Spokane Valley has contracted with Spokane County Regional
Animal Control Service since incorporation in 2003.
At Tuesday night’s study session, Morgan Koudelka, senior administrative analyst, walked council members through the proposed 20-year pact, which proposes that – if a new, much-needed animal shelter is purchased – that if the county terminates the agreement prior to the expiration of the useful life of the facility, the county would refund the city’s unused portion of debt service costs and no depreciation or building use fees would be charged to the city.
Annual debt service costs will be $45,000 over the course of the contract.
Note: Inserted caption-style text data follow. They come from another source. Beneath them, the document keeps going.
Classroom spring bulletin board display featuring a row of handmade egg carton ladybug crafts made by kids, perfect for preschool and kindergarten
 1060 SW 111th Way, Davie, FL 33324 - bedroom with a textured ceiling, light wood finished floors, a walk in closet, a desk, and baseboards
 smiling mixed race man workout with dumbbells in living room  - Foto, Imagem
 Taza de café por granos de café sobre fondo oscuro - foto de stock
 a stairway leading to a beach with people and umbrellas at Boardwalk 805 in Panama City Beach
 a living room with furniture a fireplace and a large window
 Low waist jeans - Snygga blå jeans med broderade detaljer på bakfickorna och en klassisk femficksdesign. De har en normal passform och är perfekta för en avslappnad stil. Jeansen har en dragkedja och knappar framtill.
Operating cost in 2014 is set at $242,081, and subsequent costs would be determined by county commissioners based on the recommendation from a newly formed Regional Animal Control Advisory Board.
While county officials have yet to sign off on the deal, they have agreed to make sure Spokane Valley’s costs remain the same whether the city of Spokane agrees or disagrees to join in a regional partnership for animal control.
Mayor Tom Towey was not present for Tuesday’s meeting, but on Monday stated, “I think we’ve got a good contract that would benefit the citizens.”
In September, the council agreed to pursue the long-term partnership with SCRAPS after looking at other options, including contracting with the city of Spokane’s current animal-control provider, SpokAnimal.
Koudelka said that he believes Spokane is close to making a decision on animal control for future years, but Spokane Valley will be OK financially if its neighbor to the west sticks with its current contractor.
“We think it will work with or without Spokane,” he said.
Council Member Arne Woodard asked whether services provided by SCRAPS would increase or decrease under the new contract.
Koudelka said hours would be expanded to seven days a week. He added that, if Spokane also joins the regional partnership, donations and added pet licenses could help drive future costs down.
“There are potential benefits,” he said.
Council members agreed they are ready to sign a contract, if county officials agree.
“I think we need to move forward,” said Council Member Dean Grafos.